Task brief –
Where a line looks odd, keep it as it is and transcribe all the material.

• • •

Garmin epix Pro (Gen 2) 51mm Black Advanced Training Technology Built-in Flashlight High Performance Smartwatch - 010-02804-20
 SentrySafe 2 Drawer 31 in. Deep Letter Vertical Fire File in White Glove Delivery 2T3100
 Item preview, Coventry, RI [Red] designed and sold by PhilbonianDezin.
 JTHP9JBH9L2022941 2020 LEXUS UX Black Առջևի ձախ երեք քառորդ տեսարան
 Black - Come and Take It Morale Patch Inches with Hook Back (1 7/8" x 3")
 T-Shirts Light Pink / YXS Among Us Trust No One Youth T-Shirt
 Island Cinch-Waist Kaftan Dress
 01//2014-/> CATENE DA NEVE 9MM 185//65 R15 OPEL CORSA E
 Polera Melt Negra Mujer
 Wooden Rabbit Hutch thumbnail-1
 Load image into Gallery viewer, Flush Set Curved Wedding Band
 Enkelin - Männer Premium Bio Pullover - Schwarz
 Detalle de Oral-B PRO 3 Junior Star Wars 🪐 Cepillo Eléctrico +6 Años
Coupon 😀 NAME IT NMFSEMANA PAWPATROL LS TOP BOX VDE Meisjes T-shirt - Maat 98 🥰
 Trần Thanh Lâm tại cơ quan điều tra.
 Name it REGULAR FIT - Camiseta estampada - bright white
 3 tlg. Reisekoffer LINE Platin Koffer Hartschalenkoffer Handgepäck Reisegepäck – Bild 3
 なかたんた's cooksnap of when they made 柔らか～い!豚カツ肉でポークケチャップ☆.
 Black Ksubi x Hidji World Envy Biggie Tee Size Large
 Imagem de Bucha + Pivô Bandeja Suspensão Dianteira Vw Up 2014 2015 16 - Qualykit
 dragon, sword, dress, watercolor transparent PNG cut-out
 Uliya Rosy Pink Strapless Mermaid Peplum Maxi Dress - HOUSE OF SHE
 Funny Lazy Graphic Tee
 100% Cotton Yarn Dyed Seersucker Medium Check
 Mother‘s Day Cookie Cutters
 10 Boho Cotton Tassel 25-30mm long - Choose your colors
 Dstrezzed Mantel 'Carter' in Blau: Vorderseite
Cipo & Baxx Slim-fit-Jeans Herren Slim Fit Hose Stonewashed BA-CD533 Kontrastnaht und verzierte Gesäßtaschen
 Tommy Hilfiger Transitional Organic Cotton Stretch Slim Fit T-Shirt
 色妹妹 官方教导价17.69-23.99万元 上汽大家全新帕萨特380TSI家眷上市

• • •

Task solution –
Garmin epix Pro (Gen 2) 51mm Black Advanced Training Technology Built-in Flashlight High Performance Smartwatch - 010-02804-20
 SentrySafe 2 Drawer 31 in. Deep Letter Vertical Fire File in White Glove Delivery 2T3100
 Item preview, Coventry, RI [Red] designed and sold by PhilbonianDezin.
 JTHP9JBH9L2022941 2020 LEXUS UX Black Առջևի ձախ երեք քառորդ տեսարան
 Black - Come and Take It Morale Patch Inches with Hook Back (1 7/8" x 3")
 T-Shirts Light Pink / YXS Among Us Trust No One Youth T-Shirt
 Island Cinch-Waist Kaftan Dress
 01//2014-/> CATENE DA NEVE 9MM 185//65 R15 OPEL CORSA E
 Polera Melt Negra Mujer
 Wooden Rabbit Hutch thumbnail-1
 Load image into Gallery viewer, Flush Set Curved Wedding Band
 Enkelin - Männer Premium Bio Pullover - Schwarz
 Detalle de Oral-B PRO 3 Junior Star Wars 🪐 Cepillo Eléctrico +6 Años
Coupon 😀 NAME IT NMFSEMANA PAWPATROL LS TOP BOX VDE Meisjes T-shirt - Maat 98 🥰
 Trần Thanh Lâm tại cơ quan điều tra.
 Name it REGULAR FIT - Camiseta estampada - bright white
 3 tlg. Reisekoffer LINE Platin Koffer Hartschalenkoffer Handgepäck Reisegepäck – Bild 3
 なかたんた's cooksnap of when they made 柔らか～い!豚カツ肉でポークケチャップ☆.
 Black Ksubi x Hidji World Envy Biggie Tee Size Large
 Imagem de Bucha + Pivô Bandeja Suspensão Dianteira Vw Up 2014 2015 16 - Qualykit
 dragon, sword, dress, watercolor transparent PNG cut-out
 Uliya Rosy Pink Strapless Mermaid Peplum Maxi Dress - HOUSE OF SHE
 Funny Lazy Graphic Tee
 100% Cotton Yarn Dyed Seersucker Medium Check
 Mother‘s Day Cookie Cutters
 10 Boho Cotton Tassel 25-30mm long - Choose your colors
 Dstrezzed Mantel 'Carter' in Blau: Vorderseite
Cipo & Baxx Slim-fit-Jeans Herren Slim Fit Hose Stonewashed BA-CD533 Kontrastnaht und verzierte Gesäßtaschen
 Tommy Hilfiger Transitional Organic Cotton Stretch Slim Fit T-Shirt
 色妹妹 官方教导价17.69-23.99万元 上汽大家全新帕萨特380TSI家眷上市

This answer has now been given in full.